MT World AIDS Day Award Acceptance Speech

Once upon a time, there was a boy who grew up in a small town- in a time when things were said to be simple- but they were not.

For him.

He was unlike the other kids in ways that weren’t always noticeable to the people around him. He felt things a bit more keenly. He noticed things that other kids didn’t. He wasn’t great at sports, he wasn’t big and strong.

But he was smart.

And sometimes that meant he got picked on even more than other kids.

So he used that.

It made him tough. His parents were good, loving people. His church provided comfort. His books helped him escape.

Maybe it was God, maybe it was chance- it doesn’t really matter what made him different. He just was.

The fact remained that this boy- indistinguishable from a million other little boys- just wanted to be loved, even though he was different.

And when he grew up, he still wanted to be loved – sometimes desperately. Sometimes he trusted people who weren’t trustworthy- simply because the promise of love is often enough to make us overlook danger and potential tragedy.

The promise of love.

That’s what brings us here today.

That’s why I got infected. That’s how I got infected.

The promise of love.

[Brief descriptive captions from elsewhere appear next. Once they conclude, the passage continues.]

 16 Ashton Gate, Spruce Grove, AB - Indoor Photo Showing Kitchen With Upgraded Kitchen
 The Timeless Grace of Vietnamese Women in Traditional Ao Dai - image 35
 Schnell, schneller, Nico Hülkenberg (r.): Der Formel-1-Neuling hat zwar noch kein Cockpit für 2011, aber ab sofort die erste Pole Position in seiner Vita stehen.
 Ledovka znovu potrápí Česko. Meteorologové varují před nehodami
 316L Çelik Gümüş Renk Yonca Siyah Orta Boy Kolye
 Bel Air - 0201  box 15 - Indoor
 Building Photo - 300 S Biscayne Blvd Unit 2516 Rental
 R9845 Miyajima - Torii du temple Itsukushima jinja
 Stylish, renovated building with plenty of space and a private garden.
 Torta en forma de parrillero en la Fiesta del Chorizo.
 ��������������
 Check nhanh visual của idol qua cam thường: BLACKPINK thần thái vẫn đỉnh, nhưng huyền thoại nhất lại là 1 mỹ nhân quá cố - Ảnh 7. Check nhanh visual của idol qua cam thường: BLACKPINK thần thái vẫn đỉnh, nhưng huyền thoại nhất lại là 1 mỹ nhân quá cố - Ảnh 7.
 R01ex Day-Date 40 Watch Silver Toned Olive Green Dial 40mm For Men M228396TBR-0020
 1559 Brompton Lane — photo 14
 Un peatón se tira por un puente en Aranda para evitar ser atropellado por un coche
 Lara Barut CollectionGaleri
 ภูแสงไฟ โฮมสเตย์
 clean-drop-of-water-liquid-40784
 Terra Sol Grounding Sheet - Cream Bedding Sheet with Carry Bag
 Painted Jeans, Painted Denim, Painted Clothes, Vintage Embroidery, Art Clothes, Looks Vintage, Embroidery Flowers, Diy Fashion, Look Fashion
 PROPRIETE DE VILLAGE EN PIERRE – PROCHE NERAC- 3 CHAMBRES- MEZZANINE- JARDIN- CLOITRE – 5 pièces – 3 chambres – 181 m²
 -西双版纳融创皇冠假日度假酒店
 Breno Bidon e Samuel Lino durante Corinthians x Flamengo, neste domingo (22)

Not what you think about when you think of AIDS.

But I want you to think about it.

When I moved back to Montana almost seven years ago, I made a promise: that no gay kid would ever be so starved for love and support- would not be so handicapped by shame- that they couldn’t stay here and have a happy, successful, healthy and safe life if they wanted to. I would do everything in my power to make it happen.

So I came out as gay- and HIV positive- just to show that there is no shame in having a disease. It’s a virus, it’s not a judgment.

A microscopic being that happens to live in my body. And I want to keep it from living in any one else’s.

And so do you, I hope.

This disease  has been around for over three decades. And yet the state of Montana has never allocated state funds for its prevention. Not a penny.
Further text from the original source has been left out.